Recently, Microsoft made a some news by asking for a special, multi-core (sixteen cores to be exact) version of Intel’s efficient Atom processors to be used in servers. After thinking about it for a couple of days, the idea made a lot of sense. I know, it’s rare that I agree with Microsoft :)
Why so many cores? If you consider the kinds of workloads that application servers must deal with, the server must deal with a large number connections and requests and tend to idle while waiting for data to be crunched by other application or database servers. The actual data crunching that the application servers, particularly web app and content servers, need to do before sending back the results is not all that difficult. The large number of cores would facilitate a large number of threads required to handle many thousands of requests per minute.

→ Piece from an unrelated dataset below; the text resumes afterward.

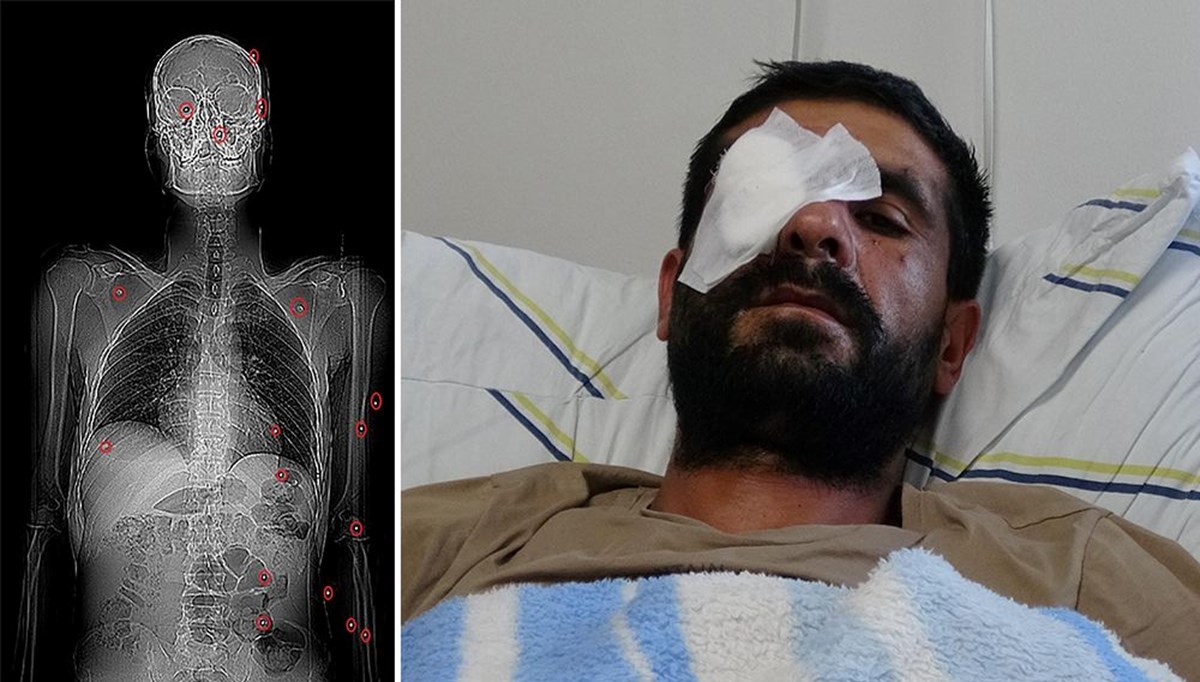 Hasımları pusu kurdu, bir gözünü kaybetti (Vücudunda 32 saçmayla yaşıyor) Hasımları pusu kurdu, bir gözünü kaybetti (Vücudunda 32 saçmayla yaşıyor)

Why use the somewhat lackluster Atom processor? The Atom processor may be a bit anemic for desktop or laptop duties, where you have numerous workloads going on at once, including rendering graphics, playing music or videos, web browsing and photo editing. On a web server, the in-order execution of the Atom processor does not have as much impact on an individual request level. Another benefit of using an Atom processor core over a Xeon core is power consumption. A desktop or server-optimized dual-core Atom processor has a TDP of less than 15W, versus a dual or quad-core Xeon’s TDP of 60-80W (even more when you look at the X models).

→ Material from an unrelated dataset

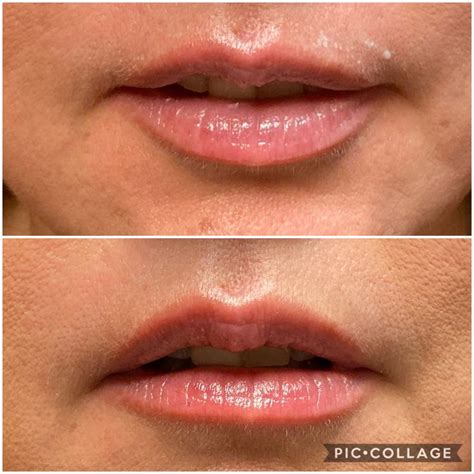 The Botox Lip Flip Botox Lips Botox Botox Wrinkles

By taking advantage of the low power requirements of each Atom core, some of the latest fabrication processes and the proliferation of serial interconnects (PCI Express, SATA/SAS, 10GbE), building sixteen Atom cores plus memory controllers and I/O controllers on to one processor package is not too difficult to do. In fact, I put together a basic diagram of what such a processor might look like:

The processor package would include five or seven dies, four of which would each contain four 64-bit capable Atom cores with HyperThreading and an intermediate memory and I/O crossbar. The other three dies could be combined into one, with a central component providing buffered memory interfaces (or SMI in Intel terminology), IPMI for management, and high-speed links to two I/O hubs. Each I/O hub would provide external I/O interfaces, such as PCI Express, 6Gbps SAS/SATA and four 2.5Gbps 8b/10b links. The four 2.5Gbps 8b/10b links can be joined together to provide one 10Gb Ethernet port or four 1Gb Ethernet ports. The only other components a server manufacturer would need to include could include a SoC for remote management (see: ILO, DRAC and ILOM) and possibly a USB controller to provide local media or serial console access by way of a converter.

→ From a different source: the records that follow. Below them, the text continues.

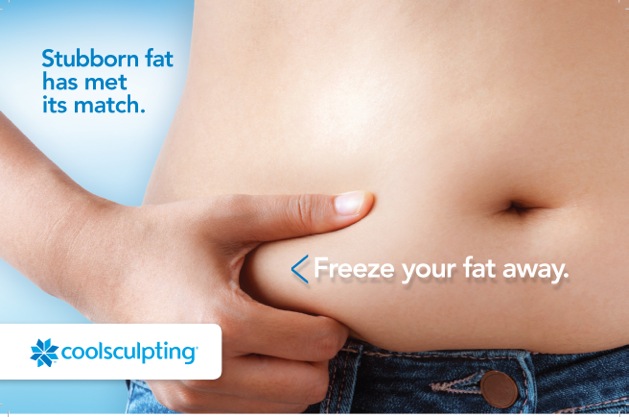 CoolSculpting Services in Pineville, North Carolina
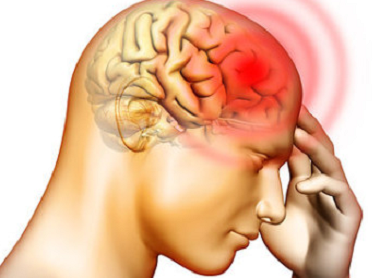 首の回旋時における頭痛と吐き気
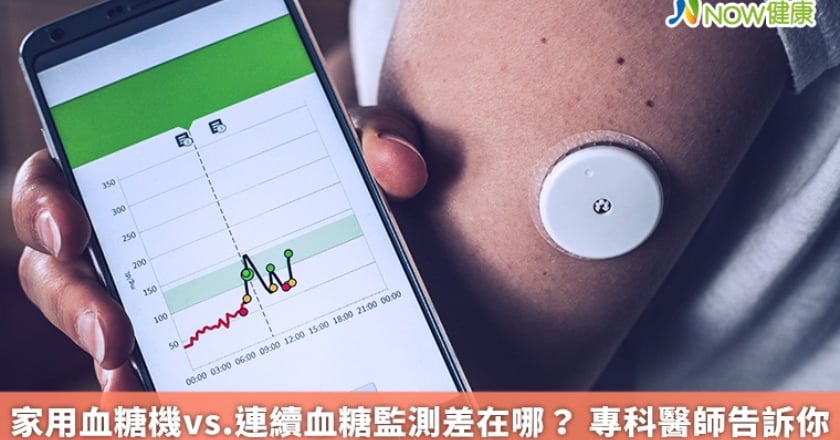 家用血糖機vs.連續血糖監測差在哪？ 專科醫師告訴你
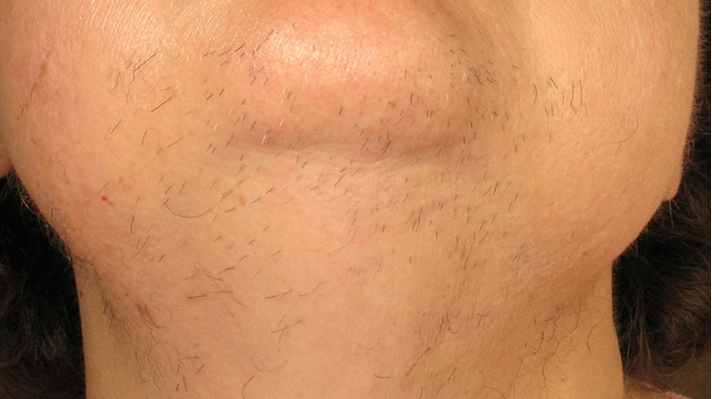 Laser Hair Removal before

To some, this discussion may trigger a sense of deja vu. This has in fact been discussed and done before, except with UltraSPARC processor cores rather than Atom processor cores. The product would be called the UltraSPARC T series processors. The first generation was the UltraSPARC T1, which had eight cores sharing an I/O crossbar, memory controller and floating point unit. Each in-order processing core had the facilities to handle four threads concurrently, for a total of 32 threads. Kind of a coincidence that a sixteen-core Atom processor would also be able to handle 32 threads with the help of HyperThreading.
The UltraSPARC T1 debuted to mixed reviews, in which it performed beautifully in naturally multi-threaded environments but suffered under heavy, single-threaded application workloads. The Atom processor ran into some of the same criticism, which was exacerbated by the fact that the first Atom processors only had one core and HyperThreading partially helped when an additional thread was introduced to the workload.
Sun later improved on the design with the UltraSPARC T2, which so happened to integrate not only a PCI Express controller, but also a dual-port 10Gb Ethernet controller and would use fully buffered memory (a bit less efficient than DDR3 via SMI buffers, but helped reduce pin counts). The four concurrent threads per core was lifted to eight, and the shared floating point unit was replaced with one unit per core (which is then shared across the eight threads per core). A second version of the UltraSPARC T2 would later come out to support multiple sockets, at the expense of the 10Gb Ethernet controller, which migrated from being on-package to being located on the system board.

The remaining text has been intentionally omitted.